YOUR OBJECTIVE —
Nothing except the pictures should be left out when you reproduce the listing exactly.

BEGIN DATA EXCERPT

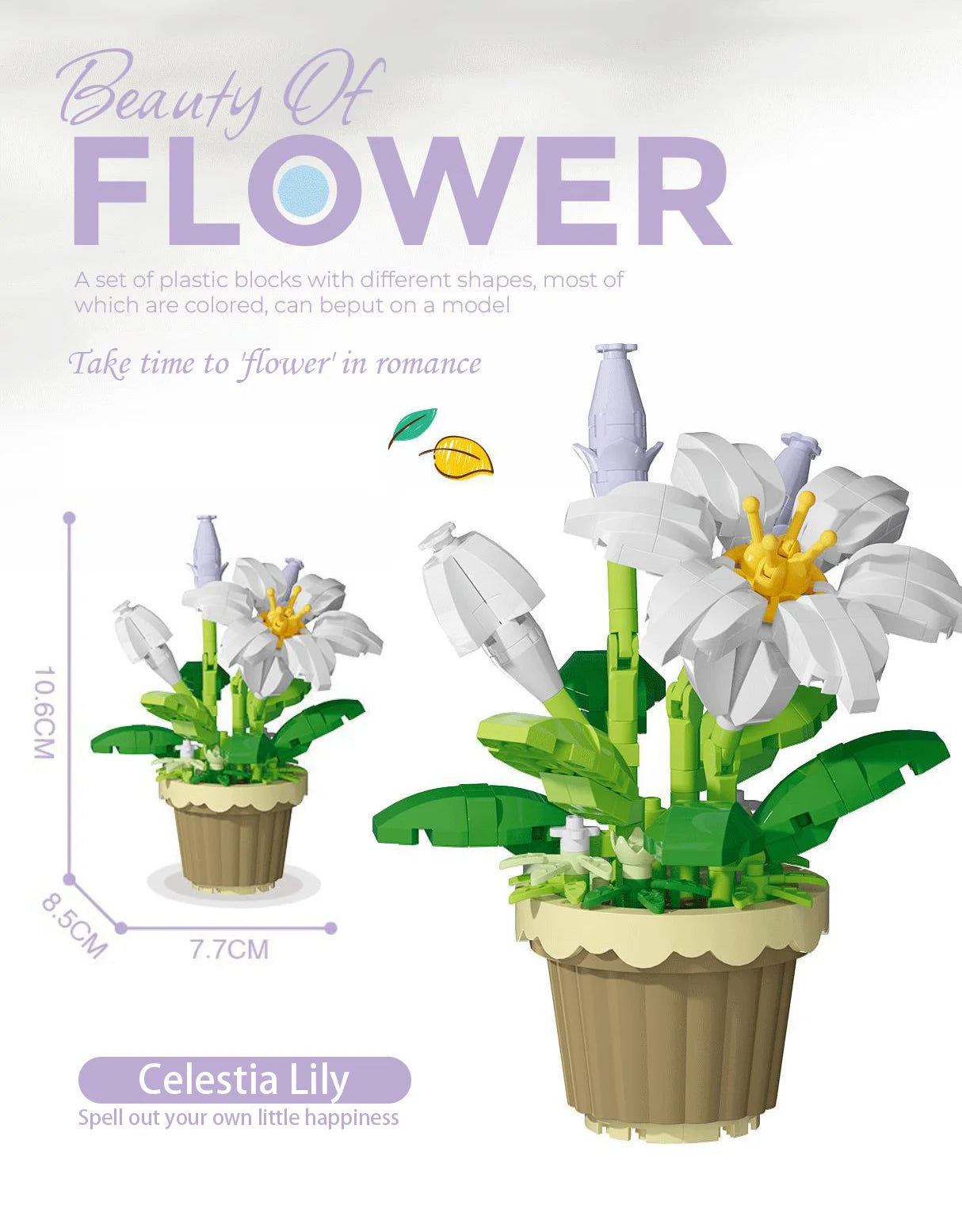 Small Particle Building Block Home Decor Series Flower Potted Plant Toys Set with Permanent Flowers Gift for Plant Arrangements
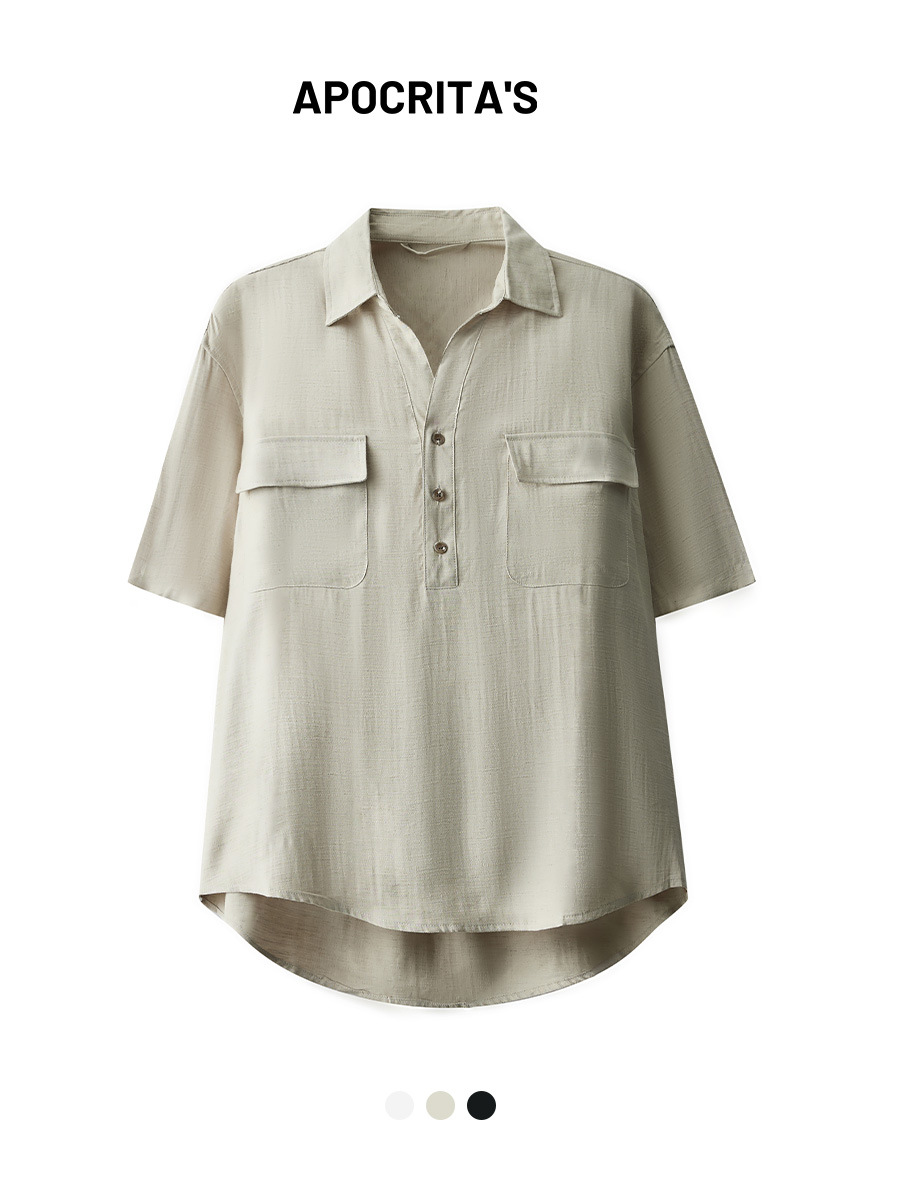 Apo Men's Clothing | Cross-Border Men's Linen Short-Sleeved Shirt, Summer Design, Loose Lapel, Casual Half-Cardigan Shirt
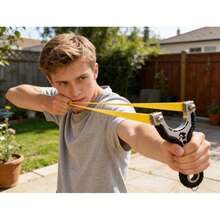 Stainless Steel Slingshot, Suitable For Outdoor Hunting And Target Practice, Heavy-Duty Hunting Slingshot With Rubber Bands, Random Rubber Band Color, Random Leather Pouch Color, Shape, And Size - A - View 5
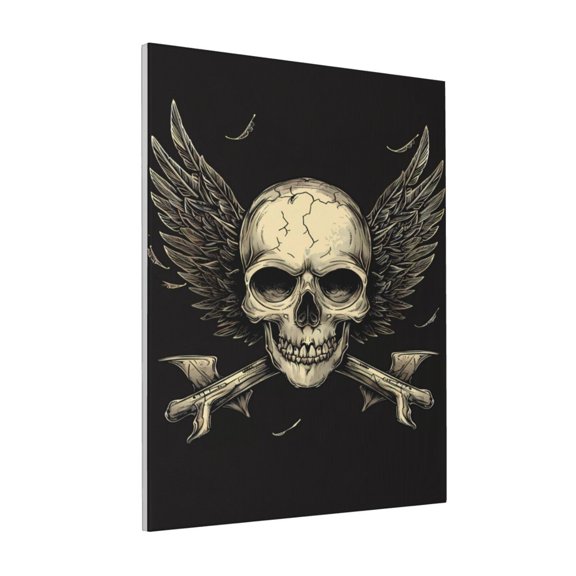 Rateoe Gothic Winged Skull Pattern Decorative Picture – Unique Modern Wall Art, Ready-to-Hang Canvas Print for Home (Vertical)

END DATA EXCERPT

TASK RESPONSE —
 Small Particle Building Block Home Decor Series Flower Potted Plant Toys Set with Permanent Flowers Gift for Plant Arrangements
 Apo Men's Clothing | Cross-Border Men's Linen Short-Sleeved Shirt, Summer Design, Loose Lapel, Casual Half-Cardigan Shirt
 Stainless Steel Slingshot, Suitable For Outdoor Hunting And Target Practice, Heavy-Duty Hunting Slingshot With Rubber Bands, Random Rubber Band Color, Random Leather Pouch Color, Shape, And Size - A - View 5
 Rateoe Gothic Winged Skull Pattern Decorative Picture – Unique Modern Wall Art, Ready-to-Hang Canvas Print for Home (Vertical)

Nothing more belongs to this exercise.